Published online by Cambridge University Press: 02 March 2024
It is more than spectacular. The giant bubbling pan of an arrossada on the ground, stirred by a team of cooks; the fiery river of a correfoc passing through a narrow street; the triumph of a tiny child raising her hand at the top of a swaying human tower. No foreigner leaves Catalonia unimpressed by the vitality and pervasiveness of traditional popular culture. The camera can capture the splendid forms, but the atmosphere is what matters most, overwhelming the body and then incorporated. The simmering rice begins as sound and aroma; it becomes savor and inner warmth. The fire, mediated by smoke and sparks, startles the breath and marks skin and clothing. The tower is felt underneath as an enveloping tissue of pressures, even rising up from the paving stones, that linger in joints and muscles. Always the boundaries of the self must yield, in exhilaration and terror, to powerful stimuli and the agency of others.
COLLECTIVE CREATION
Contemporary innovation is often contrasted to modern invention as a distributed, cumulative effort. It depends on networked, mutually visible actors who exchange ideas and compete to outdo one another; it progresses by iteration and negotiation.

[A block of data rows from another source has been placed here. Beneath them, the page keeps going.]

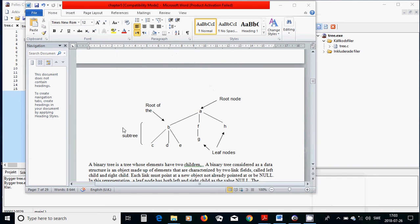For example, we have a root node which has three children. Two of the children have their own children — those parts are called sub-trees. The last child, H, has no children and is a leaf node.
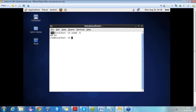Now we have to write the commands in the terminal. Where can we find the terminal? Go to Applications, go to System Tools and press Terminal. As you can see, the user is Tom. By default, the user created is Tom. If you have created your own user, then it will display your name, and it is added to localhost.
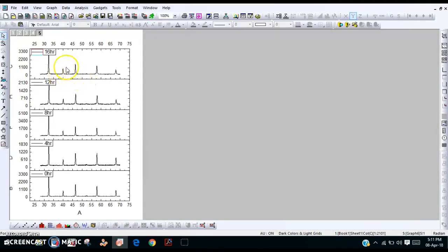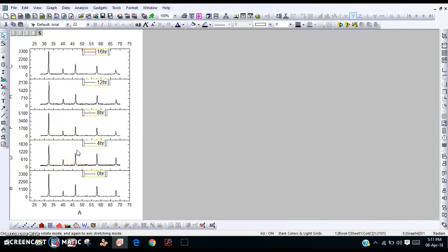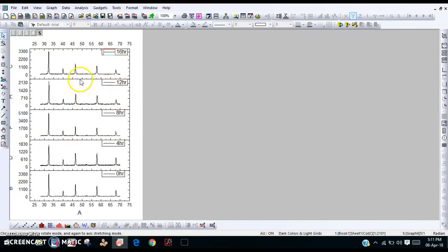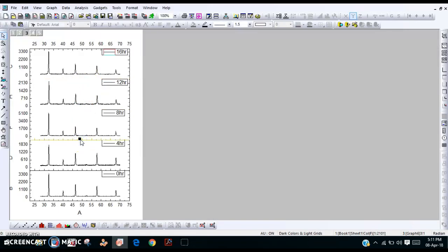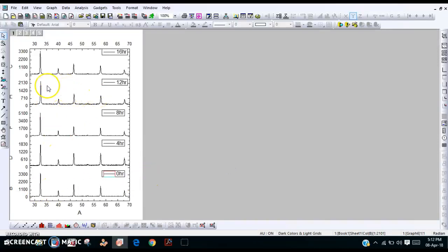First, select all the captions using Ctrl, then move them with the cursor to the right side. Then select the lines and delete them — delete all these lines. Now change the range of the X-axis from 28 to 70. Now it looks better.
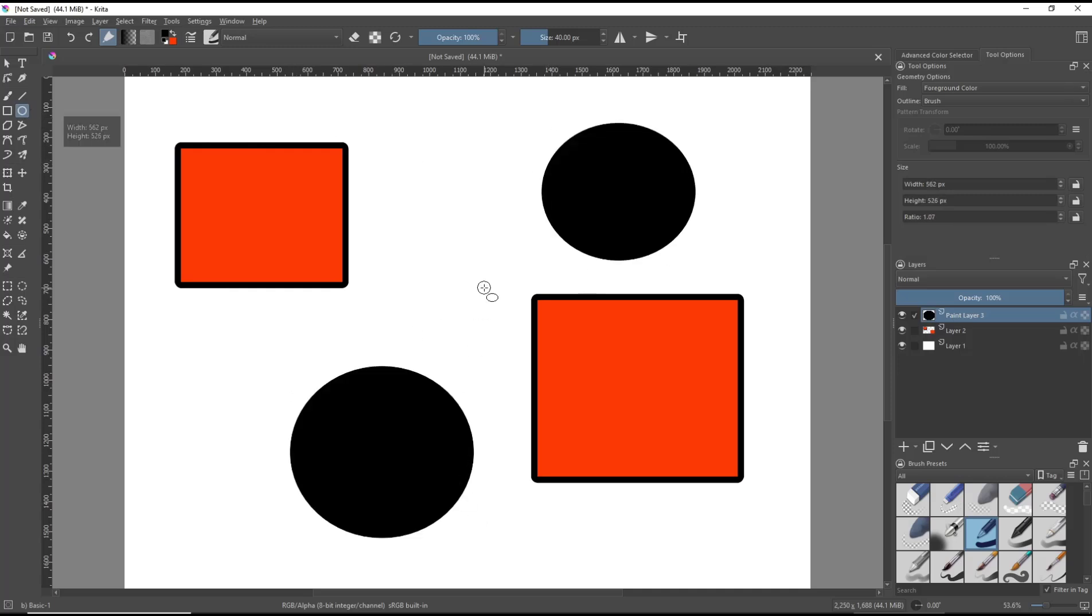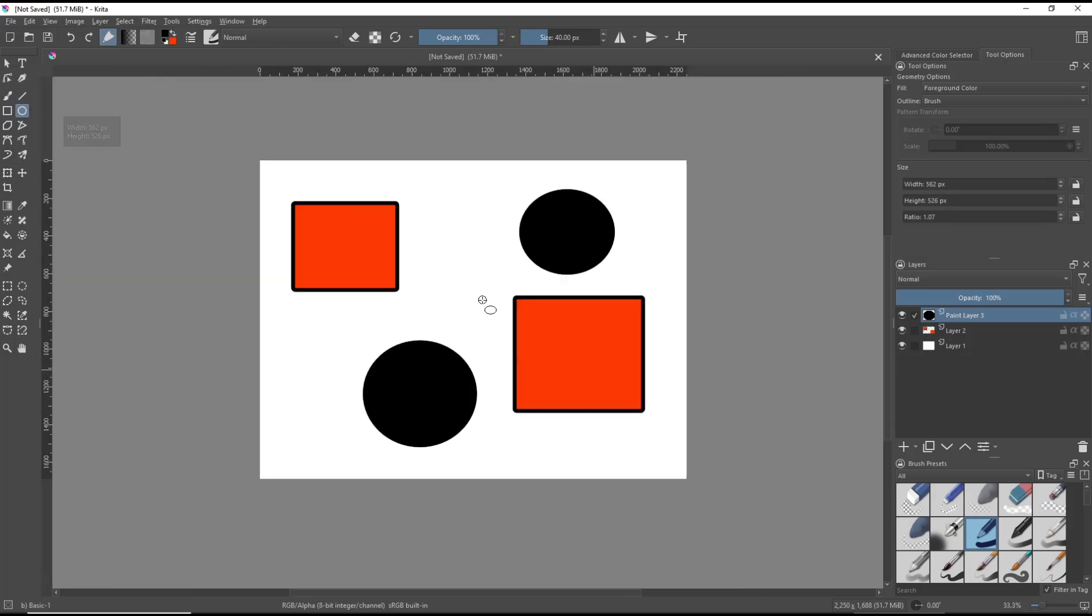Now if you want to rotate the layer, you can select the layer like layer 2 and then use the transform tools.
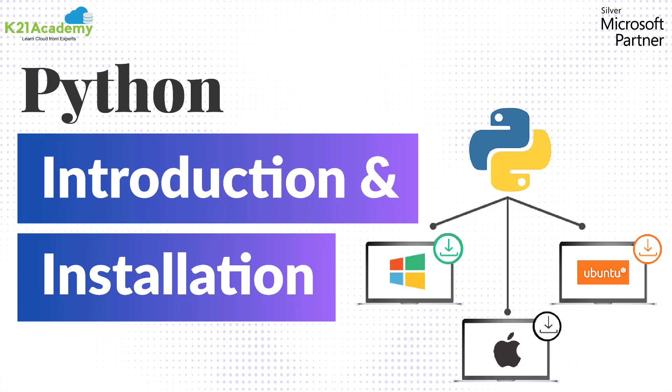Hey guys, this is Junaid here from K21 Academy and I welcome you all to this interesting session where we are going to see how to install Python on our systems. So without any further ado, let me quickly start our session. But before we begin, please do consider subscribing to our YouTube channel and hit the bell icon to stay updated on trending technologies.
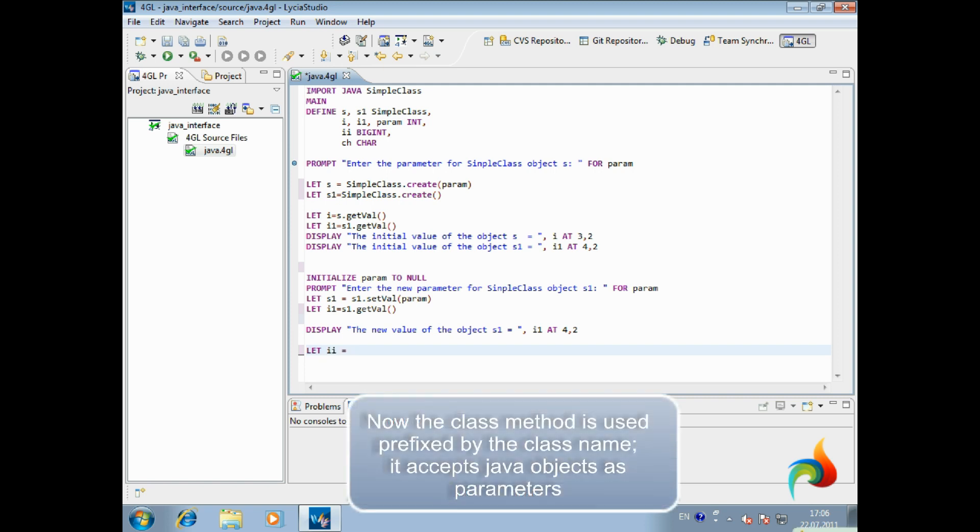Now the class method is used prefixed by the class name. It accepts Java objects as parameters.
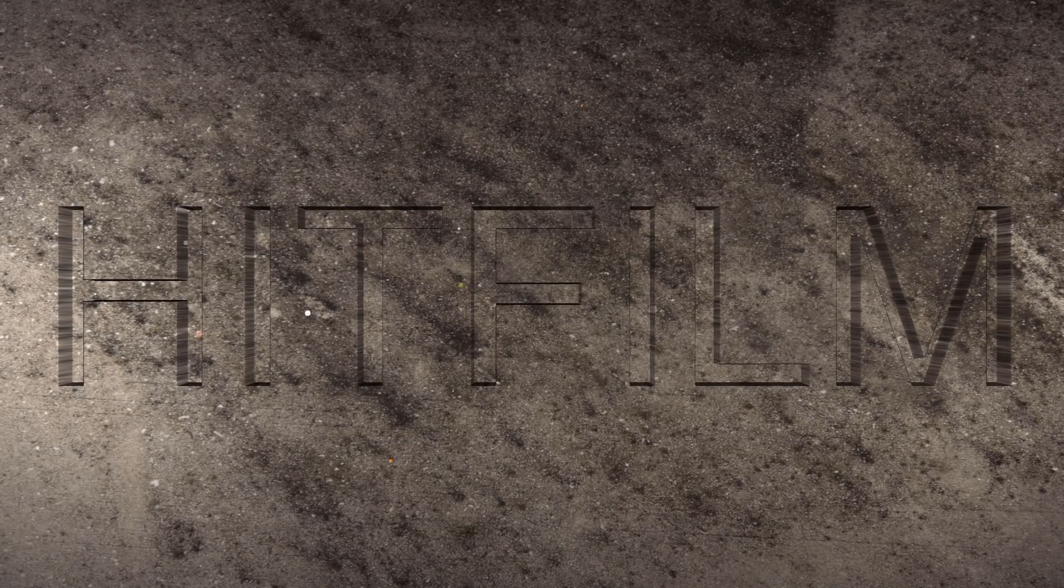HitFilm Sensei here. Today, in this video, we're going to chisel text out of pure stone.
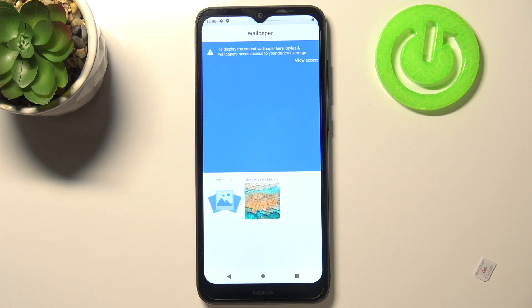Here we've got on-device wallpapers, and if you've changed your mind you can tap on my photos and you will be able to pick something from your gallery.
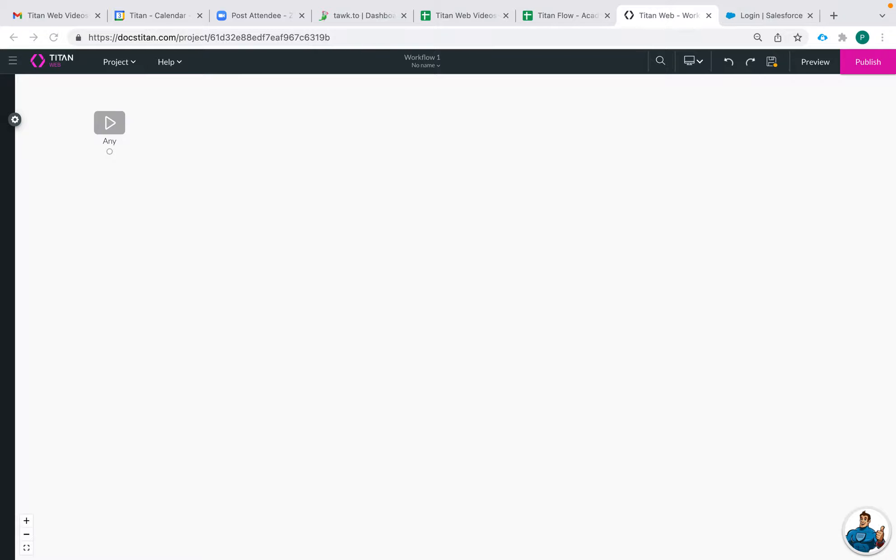Hi there Titans! Welcome to another Titan Academy video on Titan Flows. In this video we will be discussing how to name your nodes and actions within a workflow.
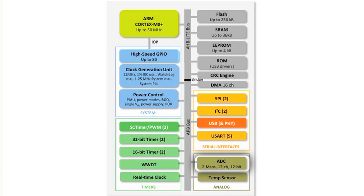There's a higher speed, better resolution ADC on this microcontroller. It's two mega samples, twelve channels, twelve bits. We also have a temp sensor available now on this microcontroller.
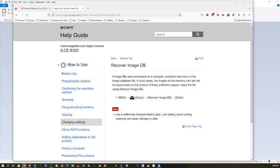Recover Image DB: If image files were processed on a computer, problems may occur in the image database file, or if you upgrade your SD card. In such cases, the images on the memory card will not be played back on this product. If these problems happen, repair the file using Recover Image DB. You go to menu, then you go to Recover Image DB, you click OK, and in five seconds you have the whole hierarchy back again.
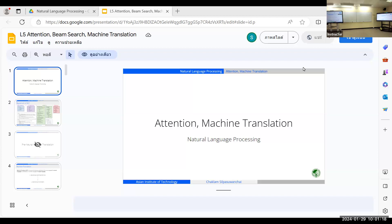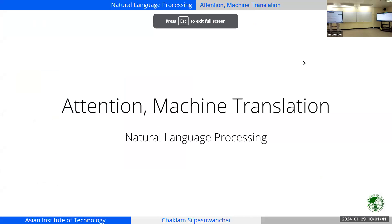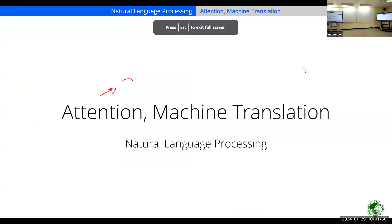We will hit two birds with one stone. First we're going to study what machine translation actually is, and then we'll link the concept to attention, which will help you understand this advanced technique. Everyone in deep learning must understand attention because attention is a very basic idea proposed around 2015.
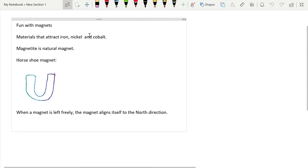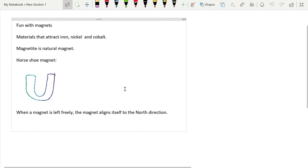Materials that attract iron, nickel, and cobalt are magnets. Magnetite is a natural magnet. Horseshoe is also a type of magnet which looks like that.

The persistent, vernacular, collective forms we call “tradition” or “folklore” also take shape through distributed invention, but their social base is different. To be sure, open-source technologies, music scenes, and social movements do not come from nowhere; indeed, they typically emerge from less focused vernacular practice. Nonetheless, they depend on the voluntary engagement of a self-selected group. It is different with the creations of scarce-resource, non-liberal societies – a category that includes Catalonia and most of the world during most of its history. Eating is not optional, and cuisines develop from both the material resources and the social arrangements at hand. Social interaction in shared space is not optional, and is rife with conflict and contradiction. Festival and ritual practice build on everyday sociability, just as cuisine builds on everyday commensality, to formalize, stylize, reflect upon, and reshape the realities on which they depend. In this sense, participation in folk culture is general, but the reverse of homogeneous. Escudella and carnival both make use of what there is. In reciprocity, escudella and carnival make themselves available to anyone who can make use of them.
The complexity of festival, ritual, and cuisine requires them to be sustained by continual practice.